* EXERCISE DETAILS *
Please count how many lines of the data include the word "makeup". Give only that number in reply.

*** Begin section ***

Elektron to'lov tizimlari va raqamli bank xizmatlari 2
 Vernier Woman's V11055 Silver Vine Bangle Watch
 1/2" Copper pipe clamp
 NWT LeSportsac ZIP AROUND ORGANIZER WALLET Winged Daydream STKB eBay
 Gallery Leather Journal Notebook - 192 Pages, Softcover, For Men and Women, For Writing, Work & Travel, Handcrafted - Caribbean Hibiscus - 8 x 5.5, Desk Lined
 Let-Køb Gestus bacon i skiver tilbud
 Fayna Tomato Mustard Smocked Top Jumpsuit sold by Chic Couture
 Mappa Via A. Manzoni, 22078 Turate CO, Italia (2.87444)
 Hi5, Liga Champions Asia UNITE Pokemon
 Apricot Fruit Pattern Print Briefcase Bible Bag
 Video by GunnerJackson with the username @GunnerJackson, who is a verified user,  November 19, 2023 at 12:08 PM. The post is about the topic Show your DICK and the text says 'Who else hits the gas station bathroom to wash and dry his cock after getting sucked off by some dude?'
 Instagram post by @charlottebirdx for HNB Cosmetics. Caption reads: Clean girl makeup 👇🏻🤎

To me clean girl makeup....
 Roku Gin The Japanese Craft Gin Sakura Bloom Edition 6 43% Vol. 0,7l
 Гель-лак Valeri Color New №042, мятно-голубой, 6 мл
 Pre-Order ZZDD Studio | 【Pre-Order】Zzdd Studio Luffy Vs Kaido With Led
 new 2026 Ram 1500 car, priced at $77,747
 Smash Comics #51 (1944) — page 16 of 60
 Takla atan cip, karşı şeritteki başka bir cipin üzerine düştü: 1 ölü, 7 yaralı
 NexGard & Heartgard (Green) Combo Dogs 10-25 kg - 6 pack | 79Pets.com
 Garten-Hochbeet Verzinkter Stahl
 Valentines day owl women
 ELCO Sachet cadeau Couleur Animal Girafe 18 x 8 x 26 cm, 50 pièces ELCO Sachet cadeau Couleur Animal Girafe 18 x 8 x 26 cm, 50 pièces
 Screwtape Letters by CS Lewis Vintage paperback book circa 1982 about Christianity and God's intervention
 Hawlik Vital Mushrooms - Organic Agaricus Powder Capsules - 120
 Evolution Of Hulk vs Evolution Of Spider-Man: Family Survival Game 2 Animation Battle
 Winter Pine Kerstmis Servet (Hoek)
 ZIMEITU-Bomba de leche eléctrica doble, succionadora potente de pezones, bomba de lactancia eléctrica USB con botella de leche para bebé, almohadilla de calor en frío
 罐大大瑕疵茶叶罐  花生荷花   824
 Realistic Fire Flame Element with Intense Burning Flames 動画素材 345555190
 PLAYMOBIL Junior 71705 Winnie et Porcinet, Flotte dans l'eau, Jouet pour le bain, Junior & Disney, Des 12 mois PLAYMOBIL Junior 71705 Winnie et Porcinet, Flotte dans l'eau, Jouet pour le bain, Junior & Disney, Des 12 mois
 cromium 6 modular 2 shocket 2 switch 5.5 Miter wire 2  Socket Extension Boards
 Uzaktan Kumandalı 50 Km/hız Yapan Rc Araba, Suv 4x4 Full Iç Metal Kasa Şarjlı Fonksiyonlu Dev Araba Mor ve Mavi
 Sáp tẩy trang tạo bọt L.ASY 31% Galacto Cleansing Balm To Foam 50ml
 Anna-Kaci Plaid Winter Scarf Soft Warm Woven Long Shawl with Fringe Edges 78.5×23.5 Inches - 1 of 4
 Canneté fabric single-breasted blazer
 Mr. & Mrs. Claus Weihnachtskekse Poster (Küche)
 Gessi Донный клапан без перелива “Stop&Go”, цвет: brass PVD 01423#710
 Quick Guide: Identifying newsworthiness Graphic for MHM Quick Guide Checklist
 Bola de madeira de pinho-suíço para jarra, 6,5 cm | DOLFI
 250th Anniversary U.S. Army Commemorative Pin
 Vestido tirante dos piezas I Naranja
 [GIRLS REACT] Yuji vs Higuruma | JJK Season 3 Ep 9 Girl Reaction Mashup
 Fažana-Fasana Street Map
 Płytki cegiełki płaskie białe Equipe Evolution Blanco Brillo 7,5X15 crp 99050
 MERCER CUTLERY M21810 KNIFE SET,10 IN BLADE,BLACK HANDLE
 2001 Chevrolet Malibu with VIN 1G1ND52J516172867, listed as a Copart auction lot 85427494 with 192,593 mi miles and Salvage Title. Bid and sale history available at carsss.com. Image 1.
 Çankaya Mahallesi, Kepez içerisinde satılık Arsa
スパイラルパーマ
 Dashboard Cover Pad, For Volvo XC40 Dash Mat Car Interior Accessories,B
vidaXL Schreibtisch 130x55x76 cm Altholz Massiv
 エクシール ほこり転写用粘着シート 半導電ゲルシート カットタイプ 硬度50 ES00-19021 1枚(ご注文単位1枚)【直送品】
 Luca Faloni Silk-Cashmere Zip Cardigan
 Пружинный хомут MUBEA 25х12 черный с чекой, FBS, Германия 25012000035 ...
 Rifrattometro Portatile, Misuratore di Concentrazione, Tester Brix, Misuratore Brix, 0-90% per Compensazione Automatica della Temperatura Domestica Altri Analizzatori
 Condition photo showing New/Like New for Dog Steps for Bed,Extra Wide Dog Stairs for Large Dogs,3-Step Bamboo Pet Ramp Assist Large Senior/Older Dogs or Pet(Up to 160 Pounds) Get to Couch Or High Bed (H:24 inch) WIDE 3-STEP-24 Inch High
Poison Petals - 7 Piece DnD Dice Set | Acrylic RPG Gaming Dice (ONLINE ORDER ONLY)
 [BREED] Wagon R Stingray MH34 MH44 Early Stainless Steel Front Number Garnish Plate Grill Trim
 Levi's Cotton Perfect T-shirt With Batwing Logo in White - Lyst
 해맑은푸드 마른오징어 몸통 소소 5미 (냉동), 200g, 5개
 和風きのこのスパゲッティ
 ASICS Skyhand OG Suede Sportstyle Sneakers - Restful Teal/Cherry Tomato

*** End section ***

* TASK ANSWER *
2